(Crawled caption data)
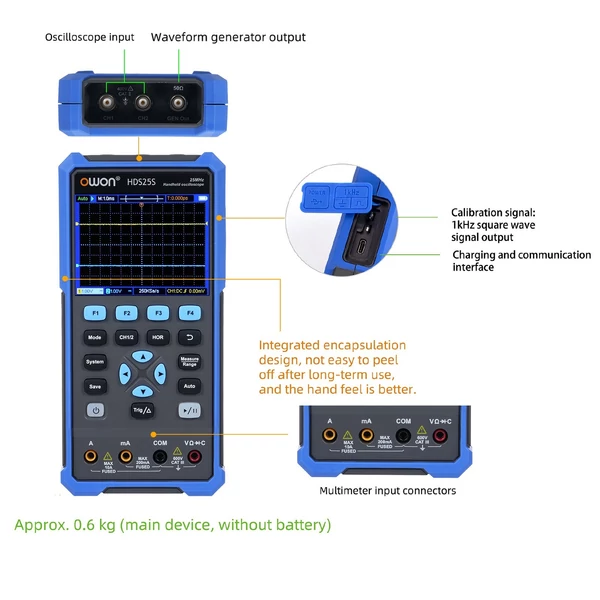 Owon 3 az 1-ben oszcilloszkóp multiméter hullámforma-generátor, 25MHz sávszélesség, 250MSa/s (egycsatornás), 125MSa/s (kétcsatornás)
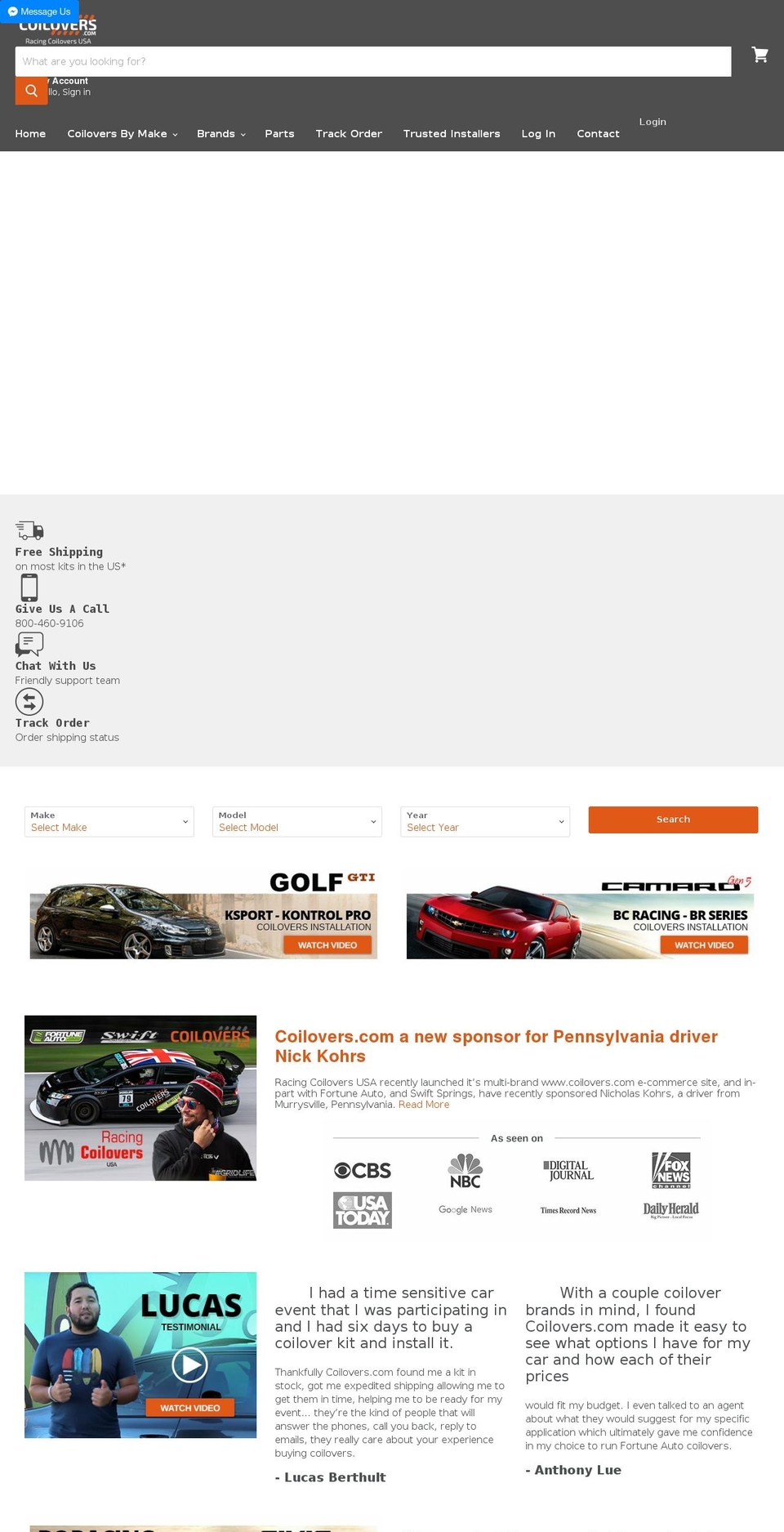 coilovers.com shopify website screenshot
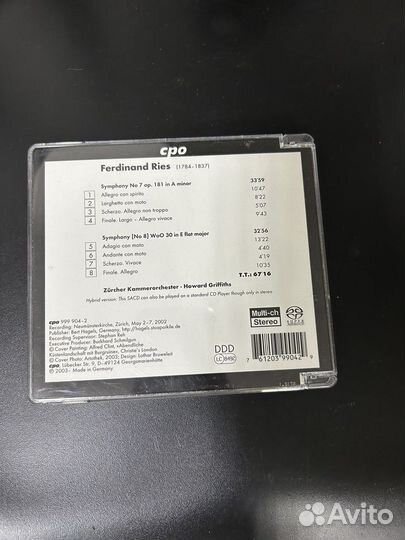 Ferdinand Ries Symphonies 7&8 2003 Germany sacd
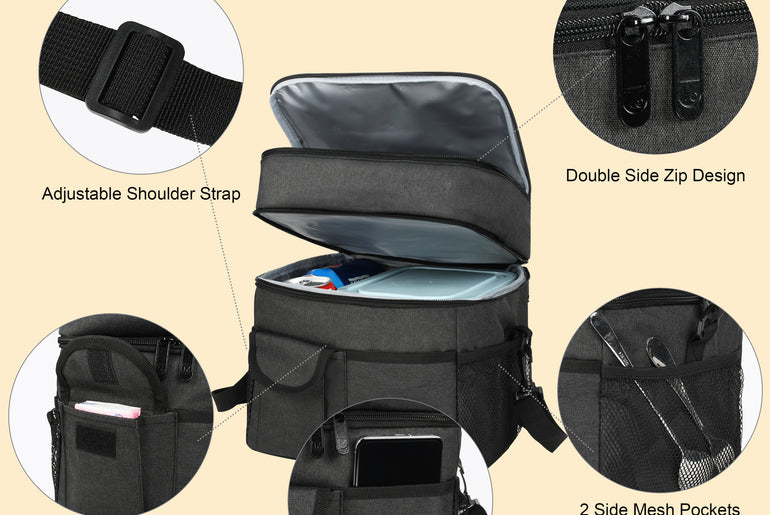 Tirrinia Large Double-Layer Insulated Lunch Bag with Pocket product image 9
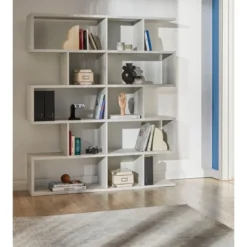 Libreria Modulare Bianco Geometrica Moderna Mensole Scaffale Ufficio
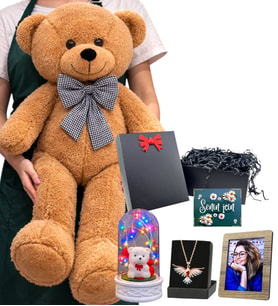 Büyük Boy Kahve Peluş Ayıcık, Renkli Anka Kuşu Kolye, Renkli Işıklı Fanus ve Fotoğraf (Model 3)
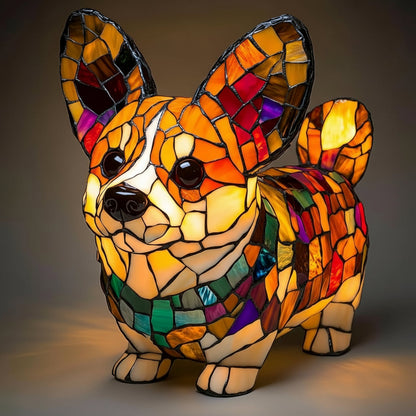 Cucciolo Stained Glass Dog Lamp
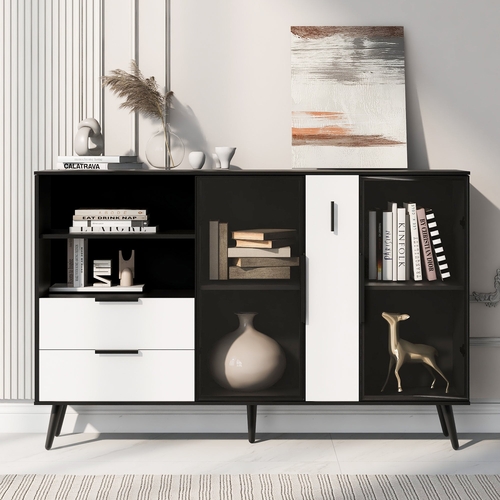 Featured Two-door Storage Cabinet with Two Drawers and Metal Handles,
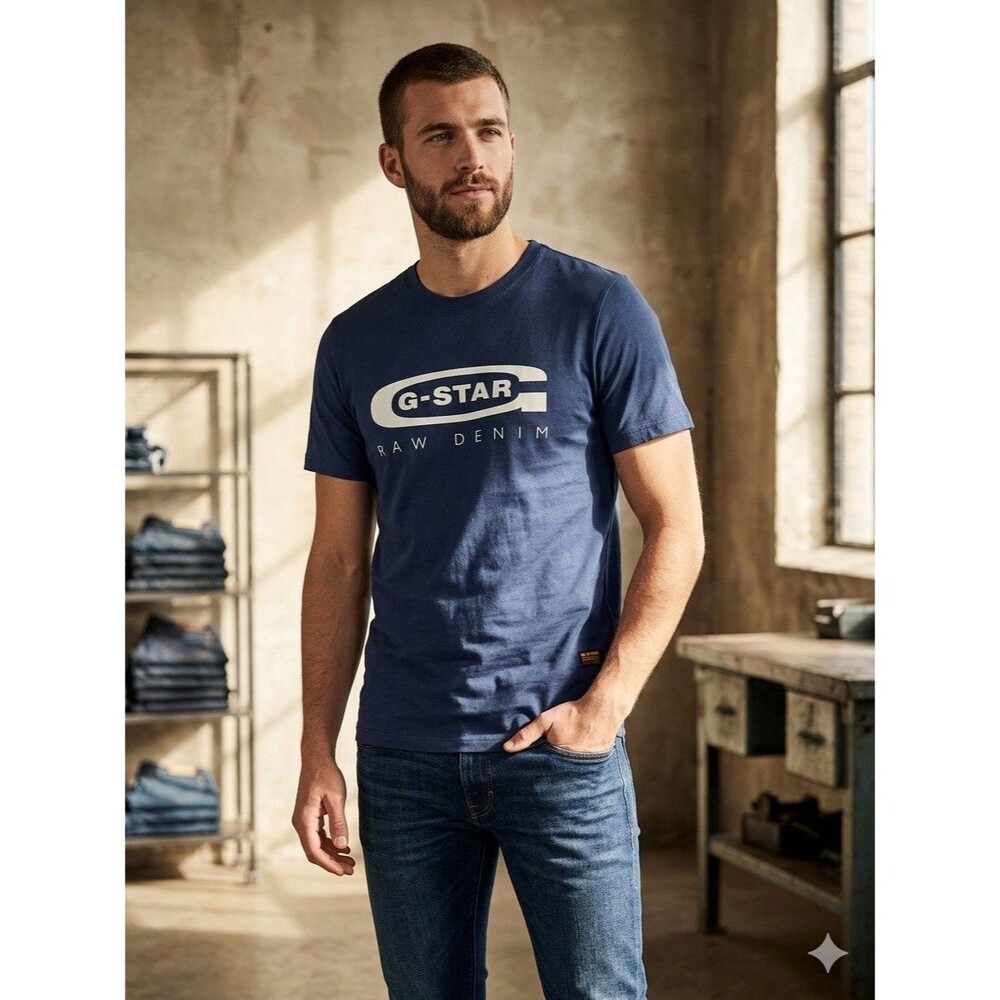 G-Star Raw Denim Mens Sz L Originals Overlay Graphic T-Shirt Navy Streetwear New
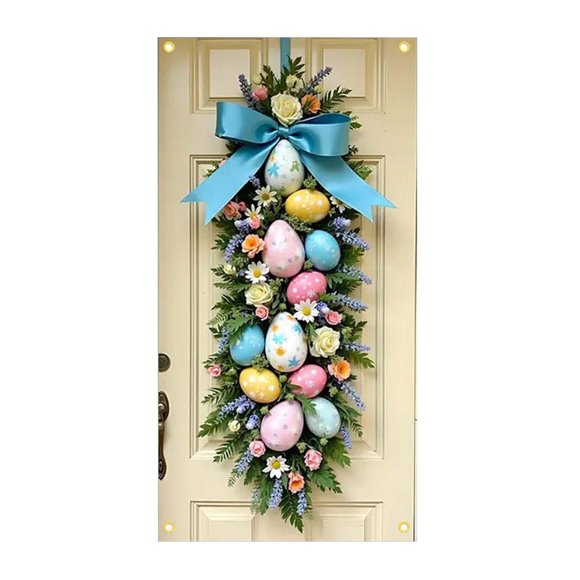 zhangmingg Bannière Extérieure de Pâques pour Porte d'Entrée en Polyester, Drapeaux Décoratifs pour Usage Saisonnier à l'Entrée de la Maison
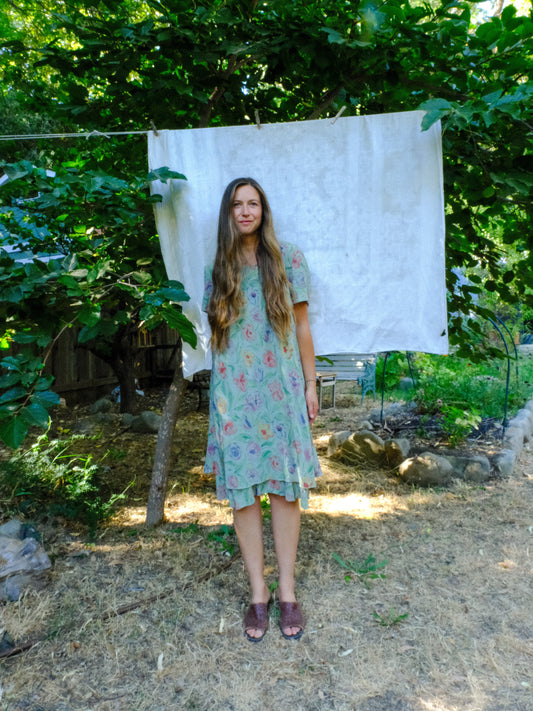 Scabiosa Silk Floral Shift Dress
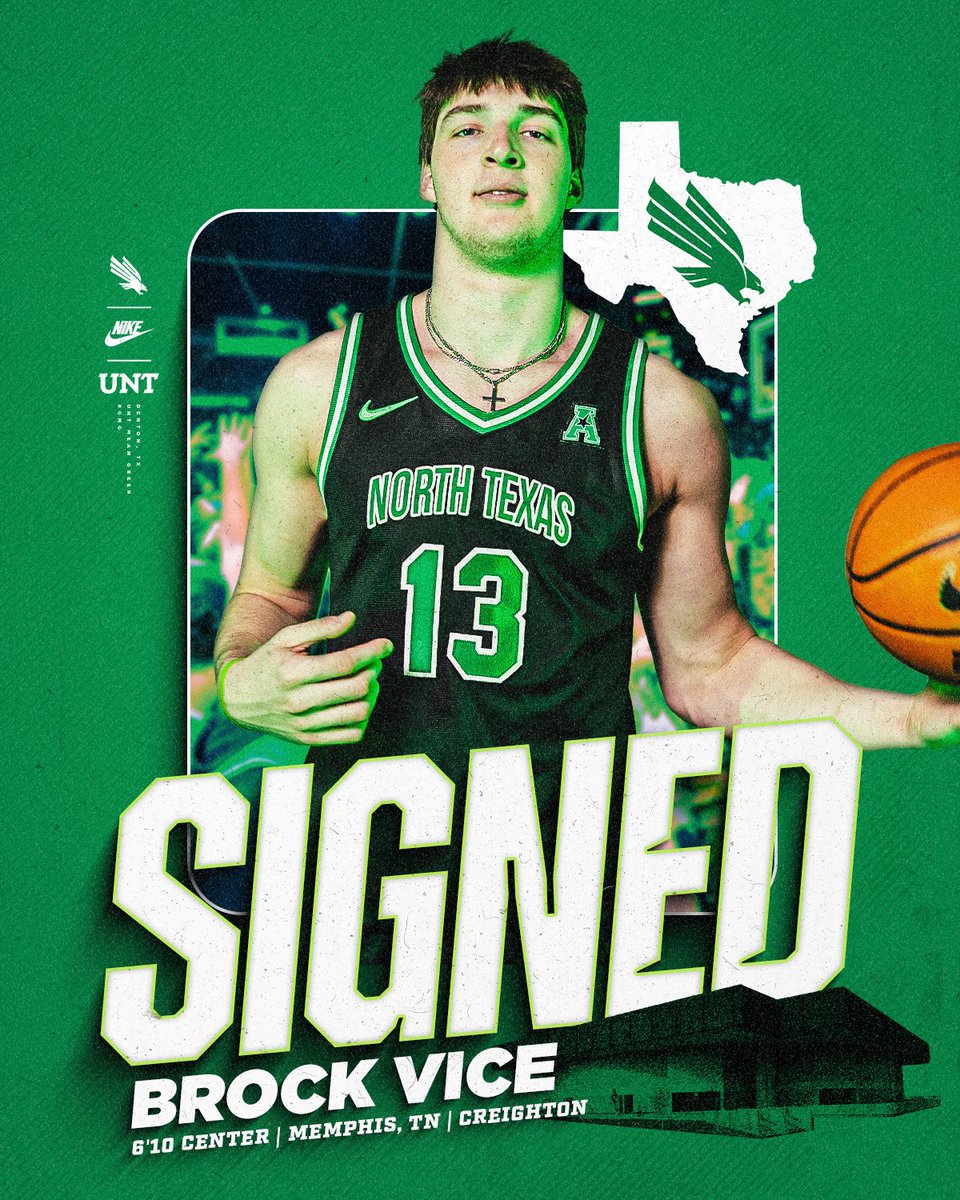 𝐎𝐟𝐟𝐢𝐜𝐢𝐚𝐥𝐥𝐲 𝐒𝐢𝐠𝐧𝐞𝐝 ✍️@brock_vice Mean Green Nation, please join us in welcoming Brock! 🟢 2023 TSSAA Mr. Basketball award finalist 🟢 High school state champ 🟢 2023 No. 3 ranked TN prep prospect 📝northtex.as/3xNv3Zr #GMG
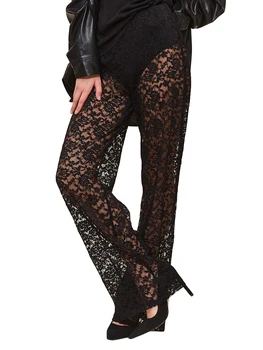 Женские прозрачные кружевные брюки в готическом стиле С высокой талией, широкие брюки-клеш, клубная одежда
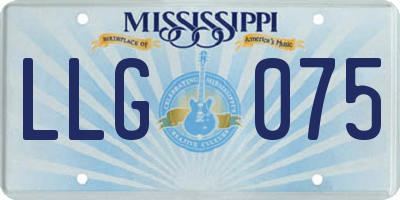 MS license plate LLG075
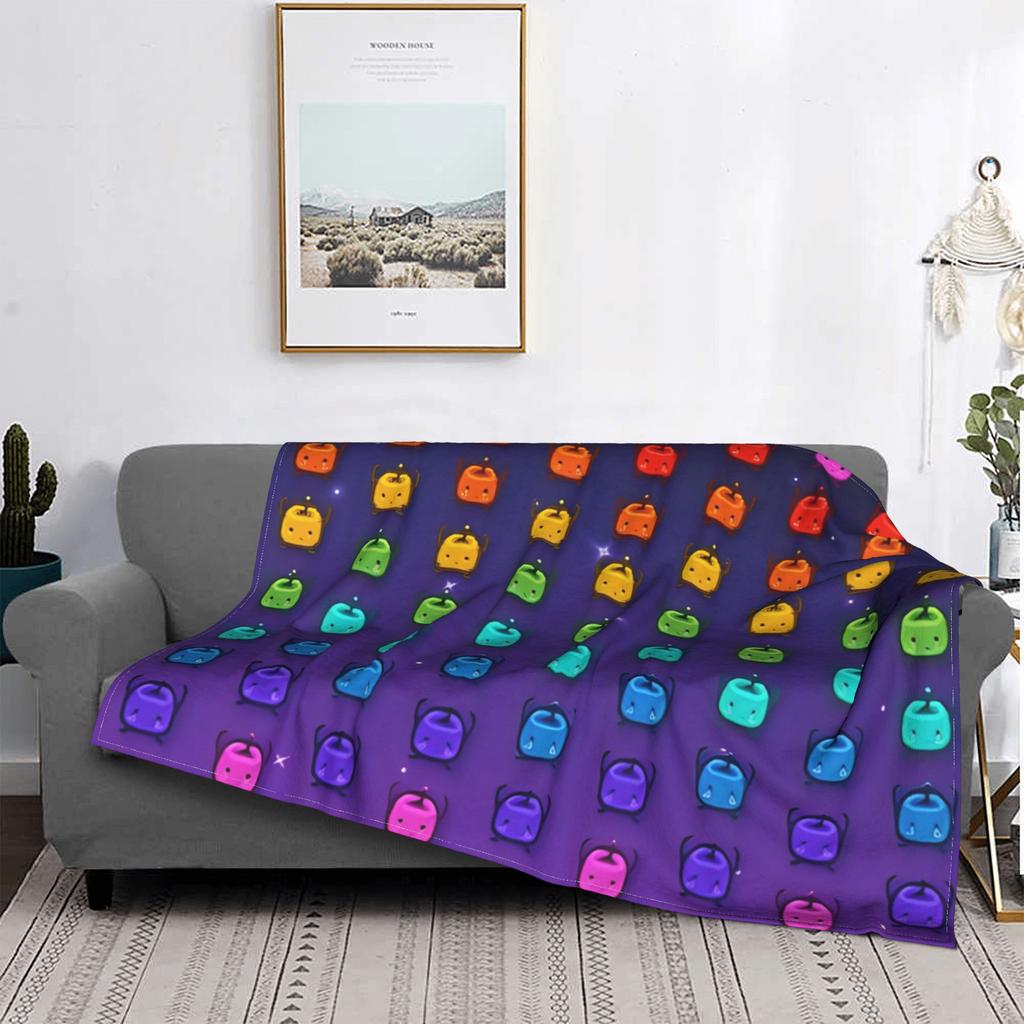 Stardew Valley Rainbow Junimos Blankets Flannel Spring Autumn Management Games Portable Soft Throw Blankets Plush Thin Quilt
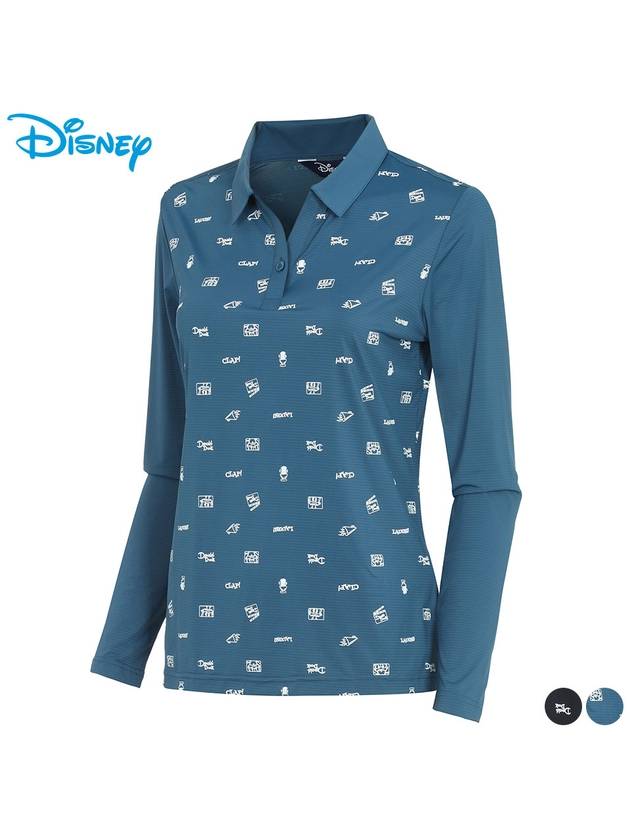 pattern spandex PK long sleeve collar t-shirt DN1LTS013 - DISNEY GOLF - BALAAN 1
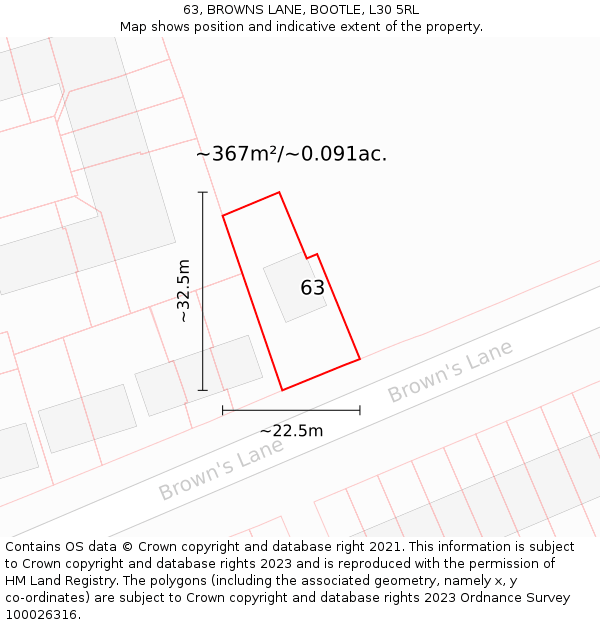 63, BROWNS LANE, BOOTLE, L30 5RL: Plot and title map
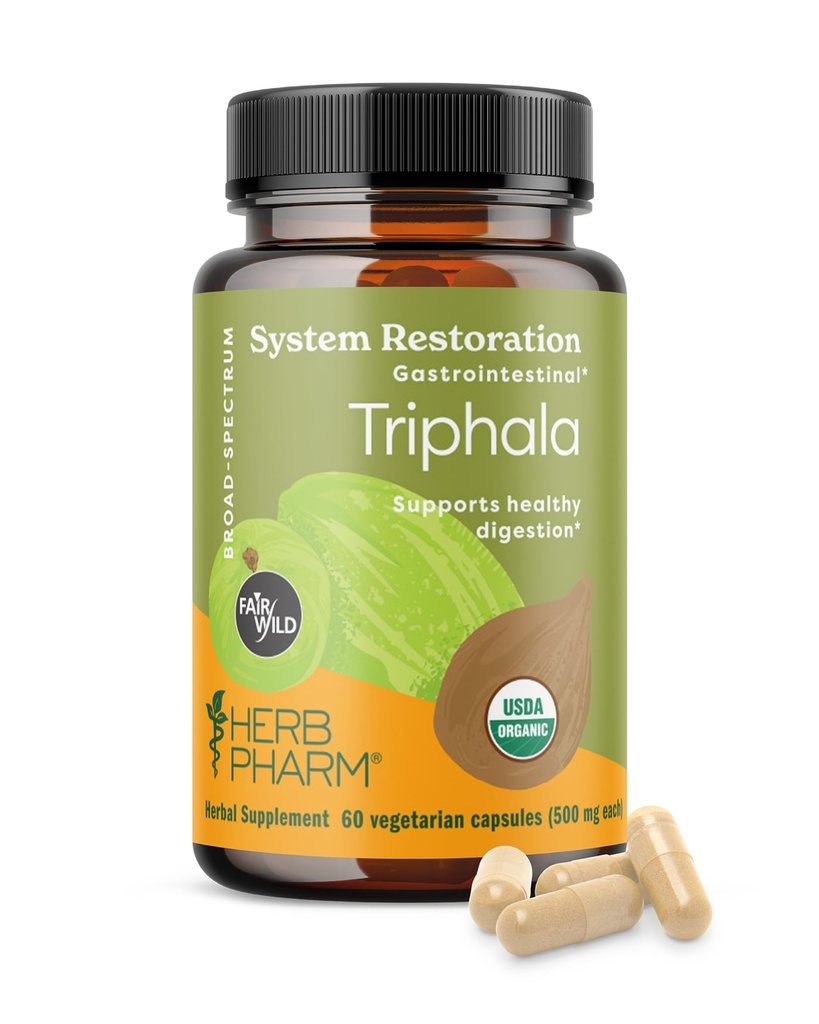 Herb Pharm USDA Organic Triphala Capsules | Cleansing & Detoxification Support & Digestive Health Support Mit Amla, Haritaki & Bibhitaki, FAIRWILD® Certified | 60 Vegan Capsules, Bis zu 30 Tage Versorgung*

TASK DIRECTIONS: Please copy exactly the lines from the one containing "MS license plate LLG075" through the last line of the records above, both included, and leave out any pictures.

FINAL ANSWER:
 MS license plate LLG075
 Stardew Valley Rainbow Junimos Blankets Flannel Spring Autumn Management Games Portable Soft Throw Blankets Plush Thin Quilt
 pattern spandex PK long sleeve collar t-shirt DN1LTS013 - DISNEY GOLF - BALAAN 1
 63, BROWNS LANE, BOOTLE, L30 5RL: Plot and title map
 Herb Pharm USDA Organic Triphala Capsules | Cleansing & Detoxification Support & Digestive Health Support Mit Amla, Haritaki & Bibhitaki, FAIRWILD® Certified | 60 Vegan Capsules, Bis zu 30 Tage Versorgung*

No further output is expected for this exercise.